What is foreboded is pretty hokey stuff. All of the business about the Gulf War and the intimations of loony-bin political allegory on the model of One Flew Over the Cuckoo's Nest are red herrings, and the movie's premise is overloaded with gimmicks. Because the very idea strains basic canons of logic, time travel requires either extravagance on the order of Back to the Future or elegance, as perfected by Chris Marker in La Jetee in 1962. The Jacket is not the first attempt to update the eerie power of that film, which is composed entirely of still images and lasts less than half an hour, but it joins Terry Gilliam's Twelve Monkeys as a warning to leave well enough alone.
But Brody, stoop-shouldered and wary, remains an engaging presence, and his understatement is soothing in a picture crowded with maniacal overacting. The wonder of it is that Jennifer Jason Leigh, playing a kindly counterpart to Kristofferson's vengeful villain, is not the worst offender. That would be Daniel Craig, as a ranting maniac -- there's one in every ward, at least in the movies -- whose most delusional ravings turn out to be the only things that make sense.
Or maybe not. The Jacket wants to be a clever, puzzling metaphysical whodunit, with a dose of spiritual uplift thrown in for good measure. Since it is too sloppy to work as a brain-teaser like Pi or Memento, the slide into sentimentality comes as something of a relief, even as it leaves behind a tangle of false leads and loose ends.
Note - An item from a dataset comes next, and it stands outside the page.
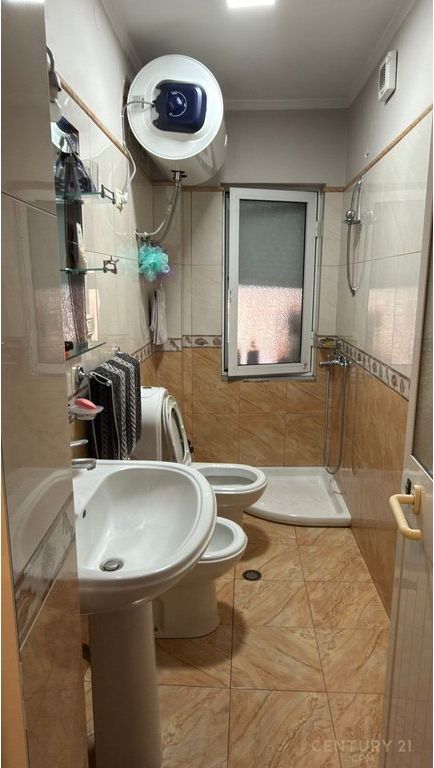 Apartament 2+1+2 per shitje te Rruga e Kavajes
The motives and methods of the evil doctor, in particular, remain unexplained. His therapeutic practices are, to say the least, unorthodox, but then again, this hospital is a mighty peculiar place. In the day room, for instance, the patients appear to be watching CNN while listening to a lecture by Noam Chomsky, a combination that may explain why they are all twitching and drooling. No wonder Jack is soon begging to be locked up in that drawer, where he can zoom into 2007 and catch a glimpse of Knightley in the bathtub.